The given dataset contains a higher proportion of donors to compensate for the low amount of donors as compared to the original dataset. This oversampling is done so that sufficient information can be retrieved from the donors to accurately construct the models. By ensuring that the proportion of donors to non-donors is nearly equal, the effect of bias on the model is reduced. We can be confident that the models will capture the patterns corresponding to both the classes (donors and non-donors) as a result of this weighted sampling. Since the response rate in the original dataset is only 5.1%, if we construct a model based on this, almost no relevant information regarding the interaction of the variables with donors can be acquired.
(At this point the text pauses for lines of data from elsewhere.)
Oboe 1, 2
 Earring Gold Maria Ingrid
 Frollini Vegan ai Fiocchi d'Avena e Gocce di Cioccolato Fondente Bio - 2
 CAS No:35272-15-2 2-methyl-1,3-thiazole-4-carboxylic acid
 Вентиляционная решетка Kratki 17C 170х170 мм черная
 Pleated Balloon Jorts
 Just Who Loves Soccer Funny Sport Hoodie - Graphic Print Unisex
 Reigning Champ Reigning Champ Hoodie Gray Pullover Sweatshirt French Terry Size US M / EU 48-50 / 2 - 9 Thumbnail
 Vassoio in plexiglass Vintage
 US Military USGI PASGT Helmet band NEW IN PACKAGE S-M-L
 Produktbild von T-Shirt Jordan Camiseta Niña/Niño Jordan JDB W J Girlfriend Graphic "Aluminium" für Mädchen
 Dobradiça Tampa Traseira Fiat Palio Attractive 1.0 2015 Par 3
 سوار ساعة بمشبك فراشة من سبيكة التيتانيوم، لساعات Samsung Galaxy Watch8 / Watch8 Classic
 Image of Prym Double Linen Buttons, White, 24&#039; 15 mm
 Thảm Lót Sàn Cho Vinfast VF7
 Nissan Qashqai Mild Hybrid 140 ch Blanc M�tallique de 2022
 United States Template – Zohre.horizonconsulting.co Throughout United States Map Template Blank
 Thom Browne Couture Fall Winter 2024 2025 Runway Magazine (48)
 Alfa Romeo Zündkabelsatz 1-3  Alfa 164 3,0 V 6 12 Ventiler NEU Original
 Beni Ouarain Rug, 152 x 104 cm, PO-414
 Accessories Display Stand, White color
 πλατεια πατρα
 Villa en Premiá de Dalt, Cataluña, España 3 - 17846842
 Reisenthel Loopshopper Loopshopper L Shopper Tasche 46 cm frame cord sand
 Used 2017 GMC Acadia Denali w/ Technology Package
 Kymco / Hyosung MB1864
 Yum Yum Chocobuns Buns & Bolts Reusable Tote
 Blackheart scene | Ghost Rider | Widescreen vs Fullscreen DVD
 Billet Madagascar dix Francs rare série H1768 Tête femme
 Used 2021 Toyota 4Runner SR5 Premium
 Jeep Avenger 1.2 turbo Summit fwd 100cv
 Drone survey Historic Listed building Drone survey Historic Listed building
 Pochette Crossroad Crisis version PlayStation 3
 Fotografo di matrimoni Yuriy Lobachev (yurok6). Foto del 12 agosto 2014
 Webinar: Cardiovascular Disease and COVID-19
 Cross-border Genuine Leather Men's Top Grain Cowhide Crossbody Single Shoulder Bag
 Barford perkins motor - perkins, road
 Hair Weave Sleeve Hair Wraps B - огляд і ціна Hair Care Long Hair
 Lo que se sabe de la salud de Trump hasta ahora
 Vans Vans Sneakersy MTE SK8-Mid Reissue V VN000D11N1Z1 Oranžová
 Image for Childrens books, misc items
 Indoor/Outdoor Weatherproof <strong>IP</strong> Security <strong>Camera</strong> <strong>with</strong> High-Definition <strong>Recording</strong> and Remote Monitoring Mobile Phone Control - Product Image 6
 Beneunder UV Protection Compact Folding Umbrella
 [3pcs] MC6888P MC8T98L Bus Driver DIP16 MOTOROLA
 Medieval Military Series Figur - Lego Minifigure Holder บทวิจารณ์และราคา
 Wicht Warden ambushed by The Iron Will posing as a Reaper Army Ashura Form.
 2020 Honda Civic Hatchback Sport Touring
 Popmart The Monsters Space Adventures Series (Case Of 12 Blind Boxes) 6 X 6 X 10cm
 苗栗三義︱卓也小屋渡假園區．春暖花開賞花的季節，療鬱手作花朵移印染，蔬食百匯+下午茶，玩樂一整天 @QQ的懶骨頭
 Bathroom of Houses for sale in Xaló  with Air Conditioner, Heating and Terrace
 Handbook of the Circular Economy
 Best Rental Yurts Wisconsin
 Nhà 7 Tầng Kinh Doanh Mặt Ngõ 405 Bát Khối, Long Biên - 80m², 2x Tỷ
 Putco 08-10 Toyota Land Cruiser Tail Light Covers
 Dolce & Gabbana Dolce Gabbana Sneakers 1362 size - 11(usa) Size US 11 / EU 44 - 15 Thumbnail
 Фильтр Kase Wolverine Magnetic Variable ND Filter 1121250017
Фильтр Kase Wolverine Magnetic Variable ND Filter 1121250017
This is because 95% of the dataset would’ve comprised of non-donors. If weighted sampling was not employed, the models based on training data would not have captured enough information to accurately predict the results. Also, as the dataset contains 480 variables, we need to accurately capture the effect each variable has on both donors and non-donors. As we are dealing with a weighted dataset, considering only ‘accuracy’ would not be a good decision. While calculating ‘accuracy’ we consider the total population. Since the total population parameter is weighted, the value of accuracy will be inaccurate. Instead, we can use ’recall’ and ‘precision’, as the calculations of these parameters do not include the weighted total population. From the information obtained, we can develop ROC curves and decide on the best model. In order to achieve Max Net Profit, we need to capture the maximum number of donors. Therefore, we concentrate on the recall and precision of the models in order to evaluate them.